*Dataset extract*:
#####

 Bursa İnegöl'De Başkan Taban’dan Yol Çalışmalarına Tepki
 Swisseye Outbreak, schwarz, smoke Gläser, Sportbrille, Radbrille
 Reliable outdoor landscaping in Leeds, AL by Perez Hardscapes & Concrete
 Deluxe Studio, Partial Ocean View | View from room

#####

Please write out the whole listing exactly as given.

 Bursa İnegöl'De Başkan Taban’dan Yol Çalışmalarına Tepki
 Swisseye Outbreak, schwarz, smoke Gläser, Sportbrille, Radbrille
 Reliable outdoor landscaping in Leeds, AL by Perez Hardscapes & Concrete
 Deluxe Studio, Partial Ocean View | View from room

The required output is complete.